Acceptance criteria:
- Default CI remains fake-provider only.
- Opt-in real test can produce a completed transcript for `test-audio/jfk.wav`.
- Real test asserts non-empty text and path-safe public outputs.
- Auto-download disabled path fails with a sanitized model-unavailable error.
Testing focus:
- Real local provider transcription with `jfk.wav`.
- Optional diarization only if model/runtime availability makes it practical.
- Auto-download enabled/disabled behavior.
- No path leakage from real failures.
Commit guidance:
- Commit gated integration tests separately from runtime implementation fixes.
## EWI-Sprint 9: Hardening, Cleanup
Goal: audit the full implementation for correctness, performance, privacy, and maintainability.
Tasks:
- Run the full backend test/vet baseline.
- Run focused race/concurrency tests for queue claiming if practical.
- Run opt-in `jfk.wav` real engine smoke.
- Audit public API responses and events for path/token leakage.
- Audit handler packages for business logic that should move behind services.
- Audit repository terminal updates for transaction boundaries.
- Audit worker shutdown and cancellation behavior.
- Remove dead code, obsolete TODOs, and stale docs from earlier sprints.
- Update `devnotes/engine-worker-sprint-tracker.md` with final verification results.
Acceptance criteria:
- Full fake-provider test suite passes.
- Real `jfk.wav` smoke passes or has a documented external dependency blocker.

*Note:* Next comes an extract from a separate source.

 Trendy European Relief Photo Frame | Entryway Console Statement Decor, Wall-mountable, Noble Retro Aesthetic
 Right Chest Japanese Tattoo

- No known path leaks in API, events, logs endpoint, or tests.
- Queue restart recovery is covered.
- Commit history is organized by sprint and behavior.
Testing focus:
- Full package tests and vet.
- API regression tests.
- Queue concurrency/recovery tests.
- Transcript compatibility tests.
- Real engine smoke.
Commit guidance:
- Commit hardening fixes in narrow patches.

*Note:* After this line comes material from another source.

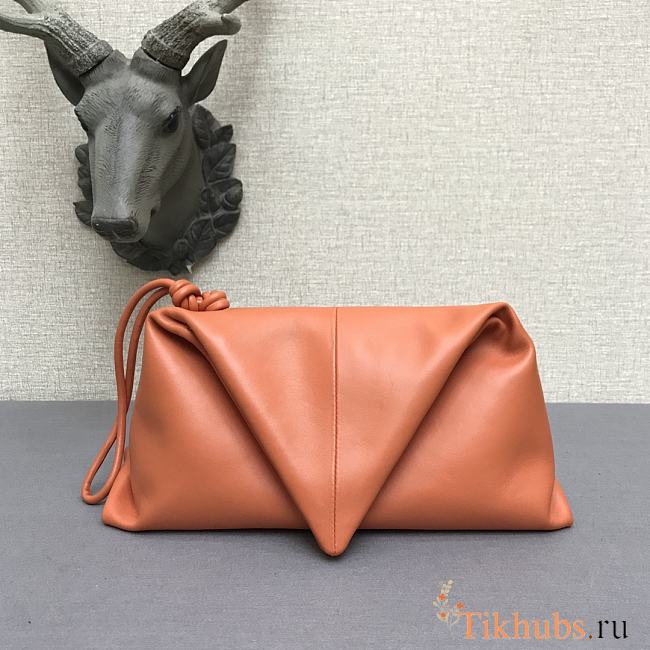 Bottega Veneta Sheepskin Triangle Handbag Orange 44050 Size 32 x 18 cm - 1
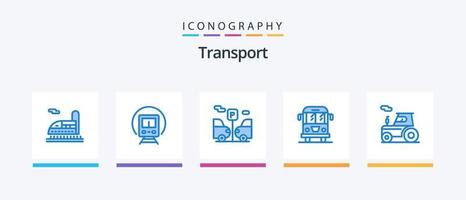 transport blau 5 icon pack inklusive lkw. Traktor. Transport. Auto. Transport. kreatives Symboldesign vektor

- Final commit should be docs/tracker updates only.
## Minimum Test Coverage Set
The target is not 100% coverage. The minimum set must cover the highest-risk paths:
- Config parse defaults and invalid values.
- Provider request/result mapping and sanitized errors.
- Queue enqueue, claim, lease renew, recovery, cancel queued, cancel running, and no duplicate claim.
- Orchestrator success, provider failure, cancellation, canonical JSON, words absent, and diarization merge.
- API create/submit/retry/cancel/transcript/events/executions/logs/models hot paths.
- Security/path-leak regression for API responses, events, logs, and provider errors.
- Gated real engine transcription using `test-audio/jfk.wav`.
## Completion Definition
This sprint run is complete when:
- Fresh install starts without Python environment setup.
- Missing models download automatically on first job when enabled.
- A transcription moves from queued to processing to completed or failed.
- Completed transcripts include text, segments, and word timestamps when available.
- Missing word timestamps are represented as `words: []`.
- Diarization assigns public-safe speaker labels when requested and available.
- Events report progress and terminal states.
- Executions and logs endpoints are implemented and sanitized.
- Queue state survives restart and recovers orphaned processing jobs.
- Legacy Python adapter bootstrap is gone from server startup.
- Real `jfk.wav` smoke has been run or blocked by a documented external dependency.